The word is also the title of the film on women and Islam for which Theo van Gogh was stabbed to death on an Amsterdam street. The novel manages to maintain all the allusions tangled in this one word.

In all this, does Houellebecq express animus toward Islam? He was taken before a French court in 2002 for stating in an interview that monotheism was for cretins and that Islam was “the most idiotic religion of all.” He was accused of inciting racial hatred with these comments, though not convicted.

More recently he said that a reading of the Qur’an had convinced him of its beauty and its superiority to the Bible. He volunteered that violent jihadism must be seen as a misappropriation of the text. He added that his atheism has weakened and he regards naturalism as a civilizational dead end. In these respects, he could be channeling the voice of the university rector in the book.

At the end of the day, as Adam Gopnik put it in the New Yorker, Houellebecq is not Islamophobic. He is Franco­phobic. It is unclear to him that there is anything left in French culture worth defending against an Islamic “threat,” and perfectly clear that few enough would care to defend it if there were. Most of the characters in his novel either embrace Islam as a savior for Europe or accommodate its rise with sanguine self-interest. It is Houellebecq’s keen eye for the soulless pliability of those who go with this flow that leaves the sour taste. There is no rant against Islam here. But to be accepted by such people, for such reasons, hardly registers as a ringing recommendation.
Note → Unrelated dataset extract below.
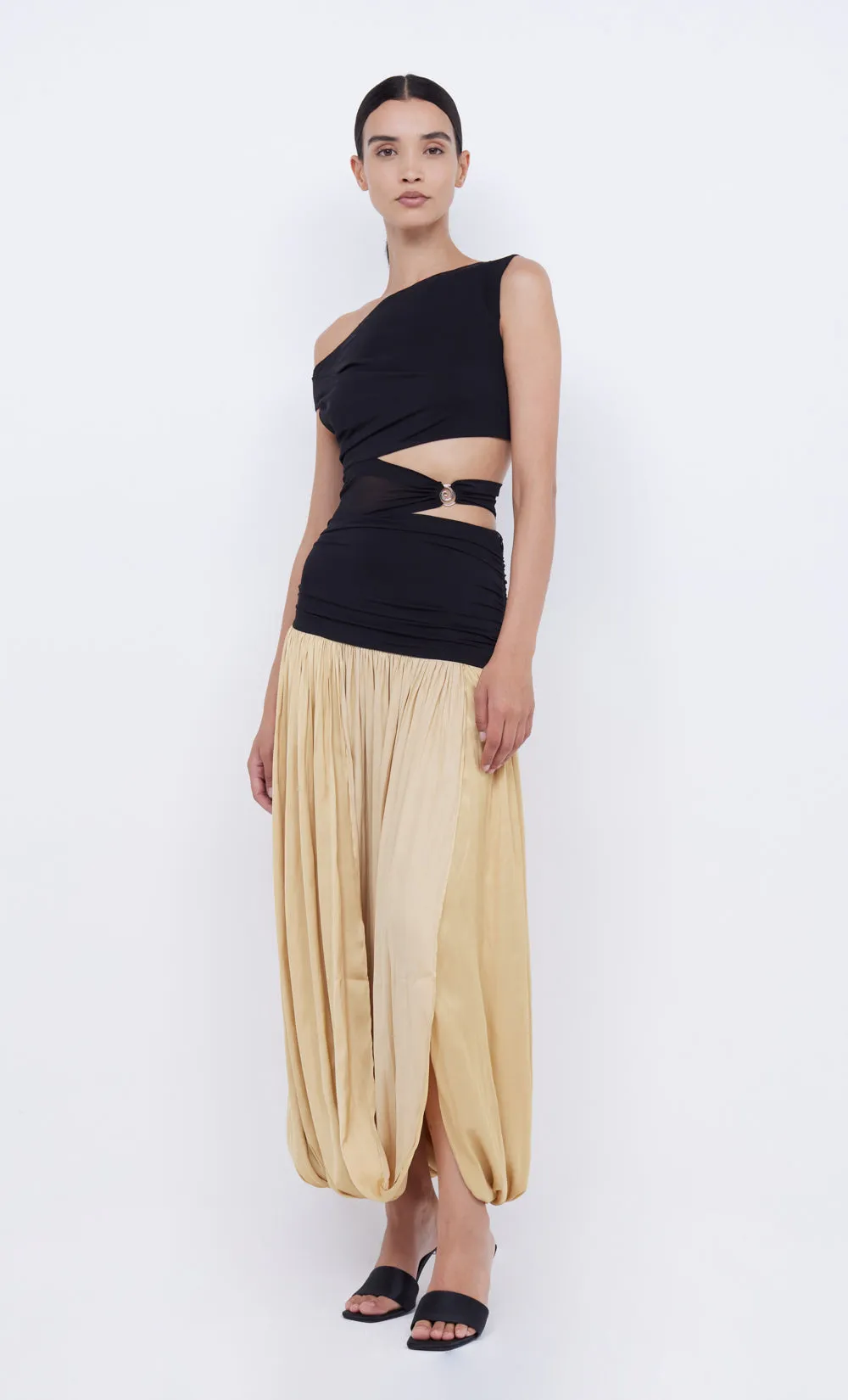 SERENE ASYM MAXI DRESS - BLACK/STRAW sold by bec + bridge product image thumbnail 4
What Houellebecq has done in Submission is hold up a mirror to his readers. The charge is that he inflames animos­ity by depicting a Muslim-influenced France as something of which Europeans should be frightened. But he puts readers and critics in the position of having to specify what exactly is frightening about this France. Ought one to be outraged by a Muslim political party winning a democratic election in a European country? By a Muslim president who acts and talks in every way as the bien pensants say a moderate Muslim ought to? By full acceptance of Islamic education? By legal accommodation of polygamy? By the ratcheting exclusion of Jews from society? By the limitation of women’s access to higher education? Where on this list does matter-of-fact description of a cultural transition become incitement to bigotry? If Houellebecq outrages by depicting an outrageous Islam, it is the reader who must calibrate where the outrage begins.

The regime coming into place around François is offensive precisely (and only) to the extent that one values as universal the particular principles of free inquiry, sex equality, or secular law that it sets aside. If Islam does not necessarily compromise any of these things, it is not necessarily being attacked. On the other hand, if we are only circumstantially attached to these values (as Submission so strongly suggests), then we have no reason to reproach Islam for changing them. We are the barbarians at our own gates, vandals of our own tradition.

If Houellebecq’s intuitions are correct, the last thing he is predicting is violence. Islam will come to a hollow city as a welcome undertaker or inheritor, the last living relative with the money, the workers, and the will to put the old homestead in trim. Submission reports this not as tragedy or incitement, but simply the prevailing historical weather. Whatever.